January 28th, 2010 Comments off

Switching stations, I heard the first minute of his show this evening, saying “ investors are looking for a reason to sell.”

Someone please tell Mr. Cramer, large investors look to make money, and will sell if they have information not reflected in the current price of the security. If someone sells, someone who holds the opposite opinion buys.

But what he doesn’t really understand, and something I have been pointing out the past three months, is that current financial risk is greater than stocks are pricing in. When we called the market bottom in March, we did so as free cash flow increased, discretionary expenses were being reigned in, and valuations were low.
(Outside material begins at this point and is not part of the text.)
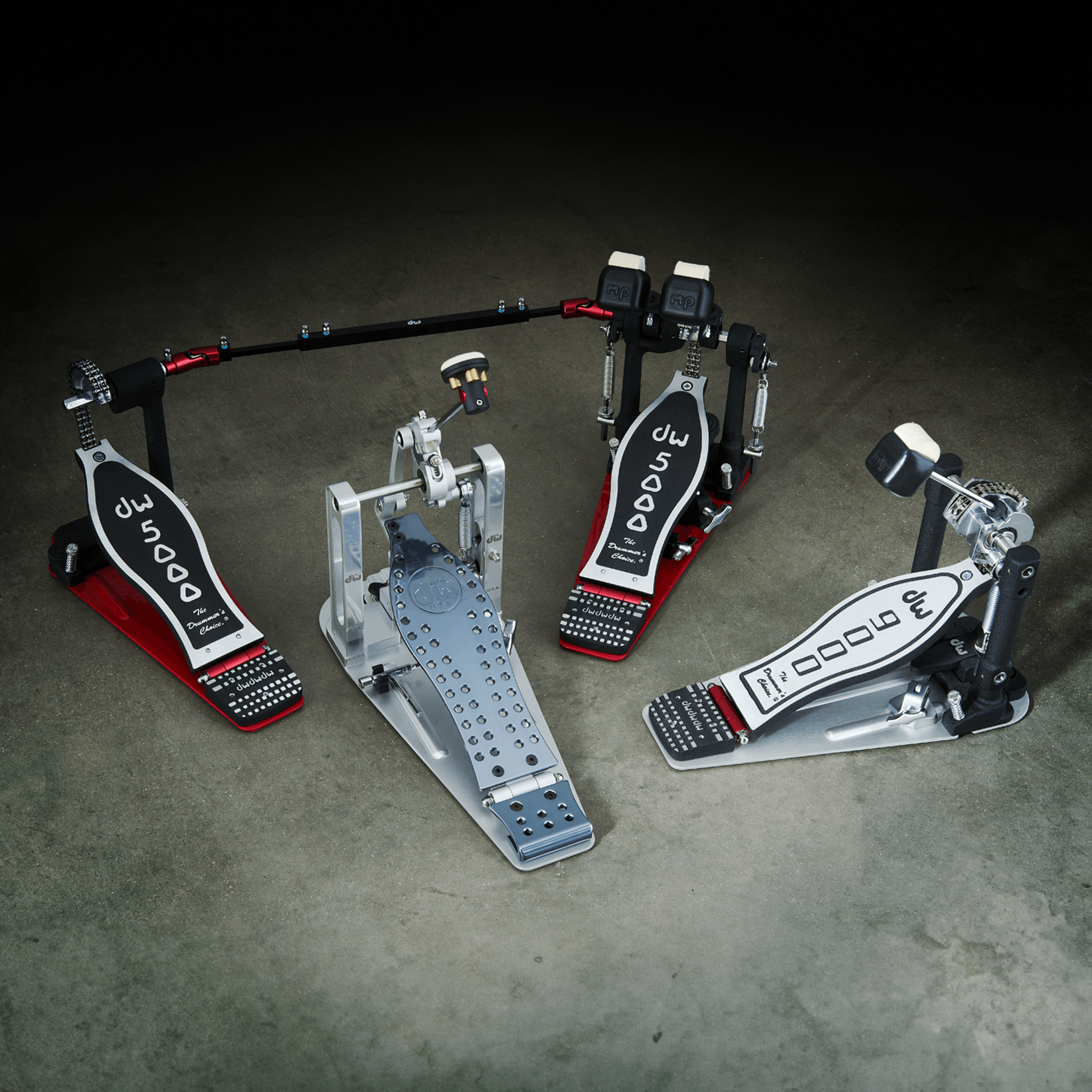 A DW MFG Series pedal, 9000 Series single pedal, and a 5000 Series double pedal.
Over the past quarter, we are finding cash flows, adjusted for discretionary spending growing very modestly, credit health, as measured by our credit model (which incorporates everything from revenue and tax rate stability to yield spreads and off balance sheet debt, and everything in between), showing just minor improvement over the prior quarter. Yet, stocks were rising such that the free cash flow yield was approaching 4%.

And that is why stocks have, in general, declined. Not because “investors are looking for a reason to sell.”

We stated three months ago that although stocks almost never sell precisely at fair value, they were about 10% overvalued. Today, they are about 4% overvalued, based on a 3.6% 10-year Treasury bond, and a 8.4% cost of equity capital.